WHAT YOU HAVE TO DO
Sort through the entries below and pull out lines containing the word "works".

DATA FOR ANALYSIS
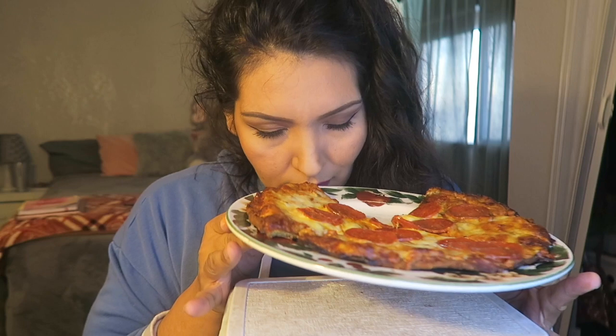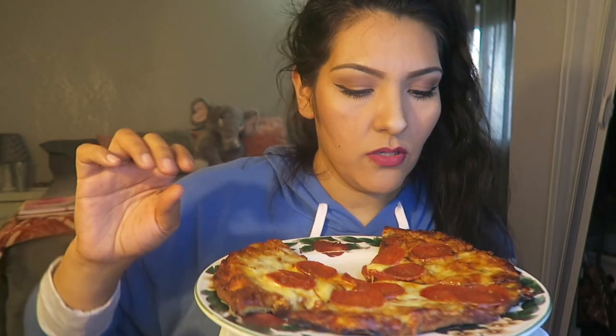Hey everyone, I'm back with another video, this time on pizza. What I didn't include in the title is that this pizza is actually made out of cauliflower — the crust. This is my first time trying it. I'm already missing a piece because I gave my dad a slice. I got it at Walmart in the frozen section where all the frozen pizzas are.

--

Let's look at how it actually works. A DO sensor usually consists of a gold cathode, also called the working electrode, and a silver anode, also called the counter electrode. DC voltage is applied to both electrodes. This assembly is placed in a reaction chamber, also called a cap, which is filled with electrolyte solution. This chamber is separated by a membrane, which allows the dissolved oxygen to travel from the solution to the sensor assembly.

...

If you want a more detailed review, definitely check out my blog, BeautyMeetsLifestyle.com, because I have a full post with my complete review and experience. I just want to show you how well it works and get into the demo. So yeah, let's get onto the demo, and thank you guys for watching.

YOUR SOLUTION
Let's look at how it actually works. A DO sensor usually consists of a gold cathode, also called the working electrode, and a silver anode, also called the counter electrode. DC voltage is applied to both electrodes. This assembly is placed in a reaction chamber, also called a cap, which is filled with electrolyte solution. This chamber is separated by a membrane, which allows the dissolved oxygen to travel from the solution to the sensor assembly.
If you want a more detailed review, definitely check out my blog, BeautyMeetsLifestyle.com, because I have a full post with my complete review and experience. I just want to show you how well it works and get into the demo. So yeah, let's get onto the demo, and thank you guys for watching.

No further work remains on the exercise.